A simple wooden cross honouring victims of a plane crash that killed Poland’s president in April has spurred demands that the influence of the powerful Roman Catholic Church be pared back to forge a more secular Poland.
The Roman Catholic Church was a focus of Polish national resistance over centuries of foreign occupation. Most recently, it provided protection for the Solidarity trade union in its battles with Soviet-backed communist rule in the 1980s.
Churches were packed after an air crash on April 10 killed conservative President Lech Kaczynski and 95 other people, mostly senior state figures. Many Poles gathered spontaneously to honor, and often pray for, those who died.
A scout group set a crucifix outside the presidential palace in Warsaw, which turned into a shrine for the victims.
Four months later, the three-meter-high cross is still there, festooned with candles and flowers despite attempts by the state and some clergy to move it to a nearby church. The “cross defenders” stood their ground, squabbling with police.
The cross debate reflects political divisions.
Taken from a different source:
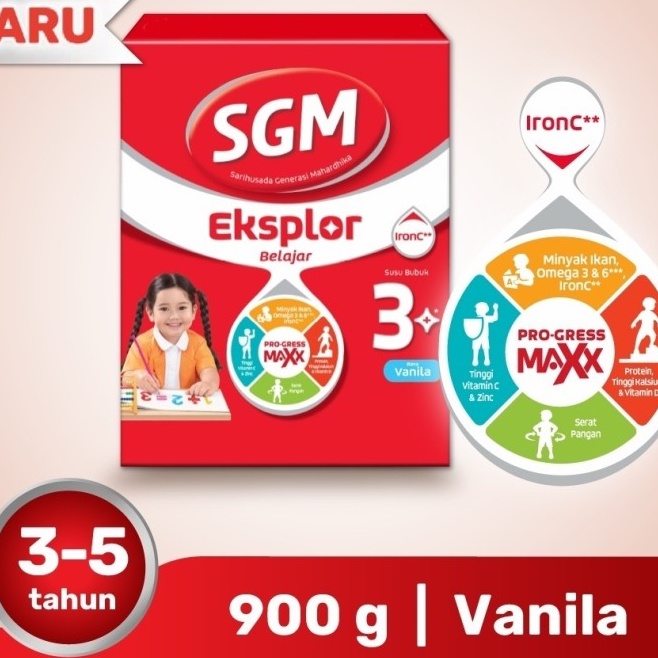 SGM Eksplor 3+ Madu/Coklat/Vanila/900GR/popokcibarusah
It has become a rallying point for radical rightists backed by the main opposition, the nationalist Law and Justice (PiS) party led by Kaczynski’s twin brother, Jaroslaw.
“The problem of too close links between church and politics exists here for so long that many people don’t even see it,” said Jacek Kucharczyk, head of the Institute of Public Affairs.
Poland, a country of 38 million people, is one of the few strongholds of Catholicism in a largely secular European Union.
A 2009 survey by the Polish episcopate’s statistics body showed 41.5 percent of Poles attended Sunday mass, a number that has been gradually falling since the survey started three decades ago, but still much higher than elsewhere in the 27-nation EU.
PROBLEMS WITH SECULARISM
For many Poles, the cross is as much a cultural and traditionally Polish symbol as it is a religious one.
“At times of occupation, this symbol of Polish identity was relatively safe. And by some strange paradox, this habit from times of oppression is approved today in a free country as a symbol of a free nation,” said Zbigniew Mikolejko, philosopher of religion at Poland’s Academy of Sciences.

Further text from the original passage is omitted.